I can sense when the question is on the tip of someone’s tongue. By now, the cocktails have turned watery. The tinkle of forks has softened. The conversation turns away from news, friends, or families, to cooking. “So Rachel, what do you and Adam like to cook?” I squirm, glance to the side and exhale a feeble response. “Oh you know, we like to experiment.” And then, with raining salt down over the zucchini pasta I’ve put in front of them, someone will inevitably pipe up: “Oh, I have some great homemade recipes for you to try.”

Growing up in the 80’s, homemade food in my household was a given, not a lifestyle choice or marketing ploy. It was a matter of economics. There was homemade spaghetti sauce, which my mother, a homemaker, would set to simmer all day long in the faded flowery crockpot. There was pumpkin pie, a buttery foundation cradling deceased Halloween decor that had been excavated, stewed, and frozen for future consumption. And then, of course, there were homemade cinnamon rolls, a Christmas morning special.

But for the most part, homemade, as a reality, was boring. At worst, it was embarrassing—especially on meatloaf sandwich days. So after reading a recent Modern Love column in the New York Times, a tale of healing and rediscovery in the kitchen, I couldn’t help but consider how our attitudes surrounding domesticity, and its current post-feminist, Etsy-fied flavor, have changed our appreciation and definition of what constitutes a home-cooked meal. Now it often seems that the self-congratulating term implies something much more special than day old meatloaf and flaccid green beans.

Homemade is the new organic. And while the idea is as old as time, the connotation it carries—one of quality, wholesome goodness, and intentionality—feels fresh in an age where time may be the biggest luxury. Homemade may be one of the last things you can't fully fake (unless you’re Sarah Jessica Parker in a rom-com).

The resurgence of the homemade movement could probably be traced to a variety of cultural movements from the last decade: Facebook and other social platforms that give an audience to our meals, the proliferation of lifestyle-oriented blogs, food prices that have largely remained stagnant in the U.S. up until now, the increasing popularity of food TV and the rise of the celebrity chef, you name it. Ultimately though, I believe the foodie movement, a faction of the “big lumpy tent” of a food movement (as Michael Pollan christened it), has had the biggest impact on the way we perceive a home-cooked meal. For as The Hartman Group, a consulting firm explains, "foodies at the core of food culture cook (really cook) from scratch ingredients…they embrace a kind of peasant-inspired simplicity of cooking for cooking's sake linked with food experiences… "

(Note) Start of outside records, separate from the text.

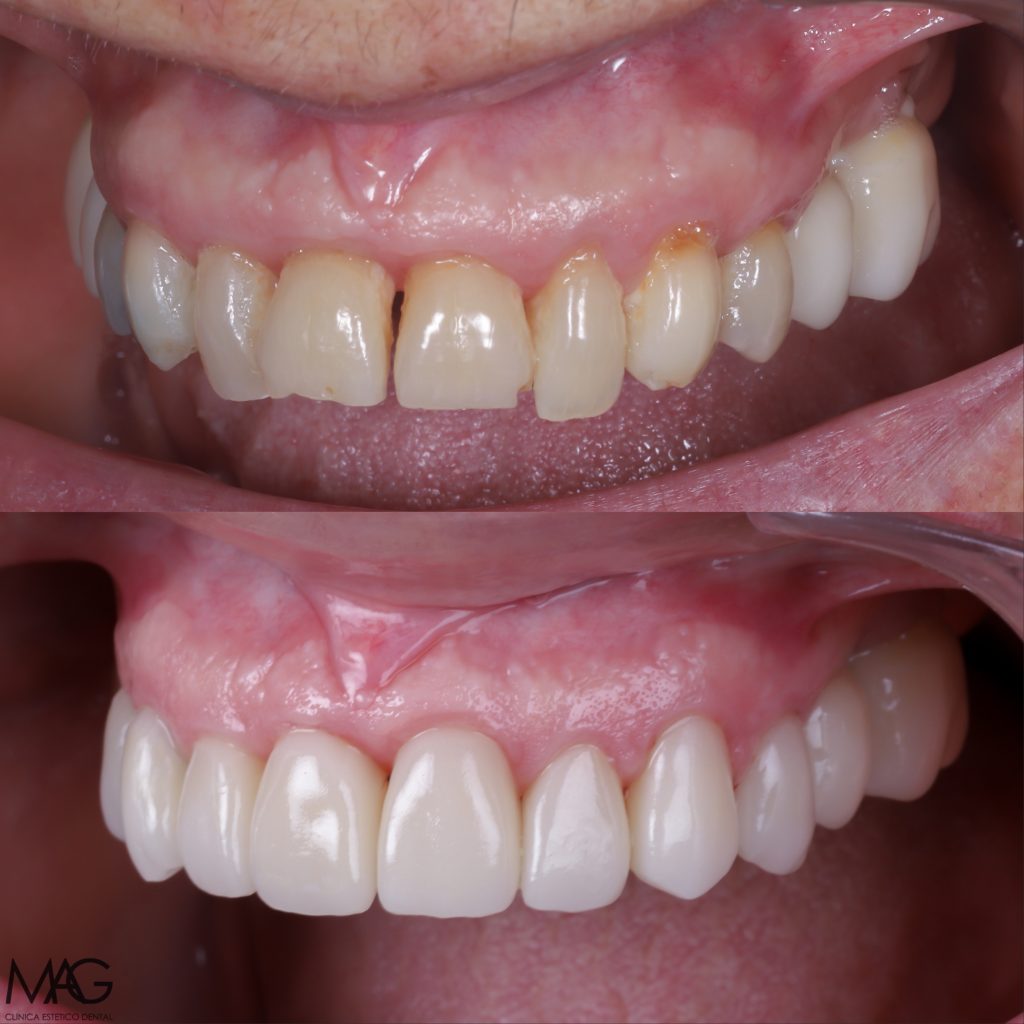 Foto antes y después de carillas dentales en Madrid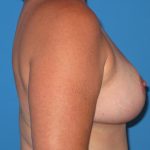 Breast Reduction Before & After Patient #1933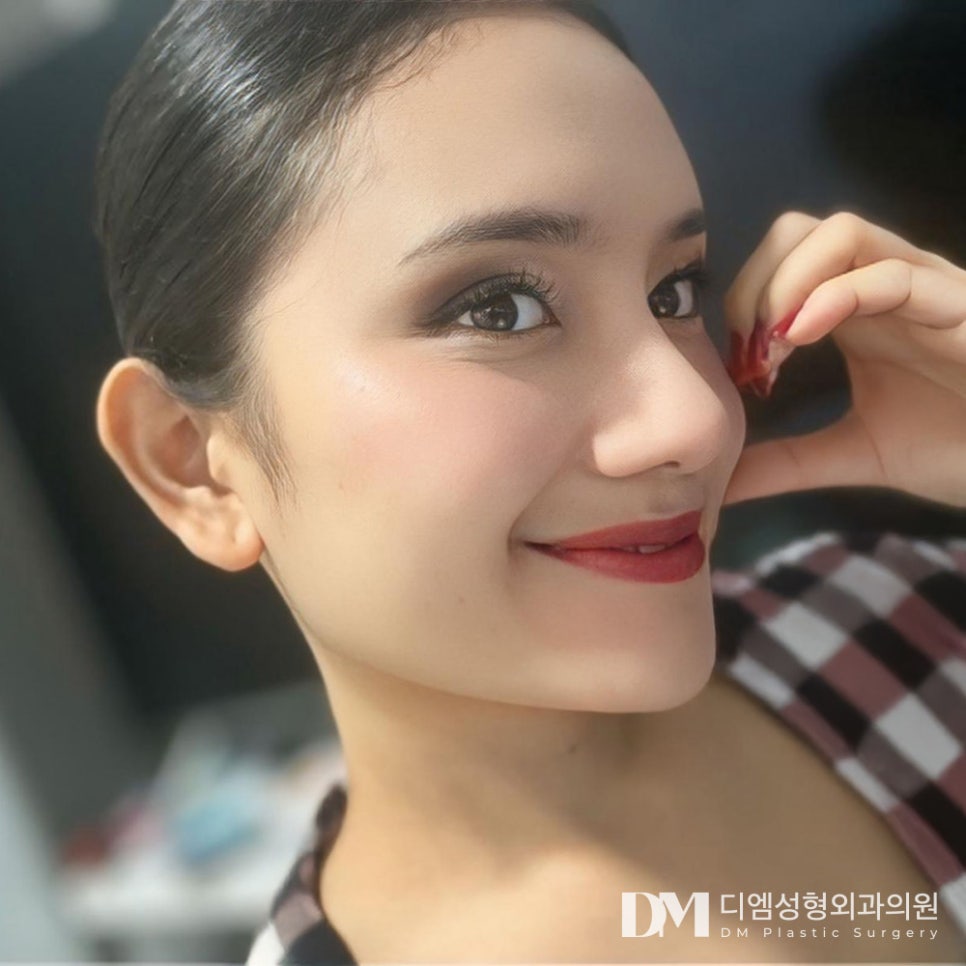 How to Achieve Satisfying Results with Low-Nose Rhinoplasty in a Single Surgery, Without Revision?! image 1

This fascination with doing things from scratch, breaking down recipes in order to rebuild them, has spawned recipe blogs and platforms, like foodgawker, that allow you to swipe and paw at drool-worthy recipes you can replicate at home. At least, that's the empowering message baked into recipes for homemade pretzels, almond milk you strain yourself, and tofu feta and herb dressing. Try these 5 easy steps. “Homemade frozen yogurt has never been easier.” How could you not make your own peanut butter? But the glamorization of a home-cooked meal has raised expectations.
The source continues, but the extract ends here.